Equity markets often experience bouts of violent reversals as new leadership emerges. During the past month, a flattening of the U.S. yield curve served as a catalyst for just such an occurrence. Equity multiple expectations reset and widely held growth stocks were punished.
The Driehaus Emerging Markets Investment Team previously discussed the potential for an abrupt growth-to-value shift and made modest portfolio adjustments to prepare for this risk scenario. However, the indiscriminant nature of the sell-off yielded a harsh environment for fundamental growth managers and the Driehaus Emerging Markets Growth strategy was not immune.
Citigroup’s Quant team produced an insightful factor summary of global emerging markets for the month period following the start of growth-to-value shift.
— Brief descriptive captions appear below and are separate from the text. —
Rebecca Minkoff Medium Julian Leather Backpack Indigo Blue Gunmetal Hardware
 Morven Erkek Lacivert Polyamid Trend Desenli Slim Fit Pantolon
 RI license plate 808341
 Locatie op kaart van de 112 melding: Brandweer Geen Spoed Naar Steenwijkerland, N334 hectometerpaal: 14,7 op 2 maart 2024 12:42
They reported that companies with positive estimate revisions returned -16.62% while Value returned 8.53% over the same timeframe. Exhibit 1 offers an example of this. It shows the price performance for a large Brazilian energy company (white), which advanced more than 40% from its trough in March despite earnings revisions that continue to trend lower.
Exhibit 1: Despite earnings revisions trending lower, this large Brazilian energy company rose 40% from its March low
Source: Bloomberg
Additional studies from BofA Merrill Lynch suggest global fundamentals also have not inflected meaningfully, adding credence to the notion that the past month’s market gyration is temporary (Exhibit 2). An equally insightful chart from Morgan Stanley Research reflects the extent to which EM volatility has correlated with U.S. Treasurys (Exhibit 3).
Exhibit 2: Global Earnings Revision Ratio and Asia Pacific GDP
Source: BofA Merrill Lynch
Exhibit 3: EM spreads are closely related to U.S. Treasury volatility
Source: Bloomberg, Morgan Stanley Research
Exacerbating the growth-to-value shift was the simple fact that positioning in some emerging market trades was significantly crowded. The unwinding of these trades resulted in dramatic price declines. Some investors attempted to cover underweight exposures through passive products rather than through the selection of fundamental stock ideas. Not surprisingly, about 95% of inflows into emerging markets came via passive vehicles (Exhibit 4).
Exhibit 4: Emerging market equity flows
Source: Credit Suisse Research
As a fundamental growth equity manager that focuses on positive inflections in company earnings, the past month proved difficult for our investment style. Importantly, however, we have remained consistent with the investment philosophy that has guided the strategy’s long-term success. Bouts of fundamentally unfounded performance such as what we have just experienced tend to transition into periods of new market leadership. We expect that fundamental earnings growth and revisions will again take the helm in terms of market performance, and that passive flows will migrate back into active stock positions.
We are using the market turmoil to opportunistically add to beaten down positions in exciting fields such as industrial automation, casinos/gaming and IoT (Internet of Things), among others. Following disruptive periods such as these, our research suggests that markets tend to remain volatile for about three to five months before stabilizing. During this period, we will seek opportunities to exploit any choppiness to continue bolstering our higher conviction ideas.
This information is not intended to provide investment advice. Nothing herein should be construed as a solicitation, recommendation or an offer to buy, sell or hold any securities, market sectors, other investments or to adopt any investment strategy or strategies. You should assess your own investment needs based on your individual financial circumstances and investment objectives. This material is not intended to be relied upon as a forecast or research. The opinions expressed are those of Driehaus Capital Management LLC (“Driehaus”) as of April 2014 and are subject to change at any time due to changes in market or economic conditions. The information has not been updated since April 2014 and may not reflect recent market activity. The information and opinions contained in this material are derived from proprietary and non-proprietary sources deemed by Driehaus to be reliable and are not necessarily all inclusive. Driehaus does not guarantee the accuracy or completeness of this information. There is no guarantee that any forecasts made will come to pass. Reliance upon information in this material is at the sole discretion of the reader.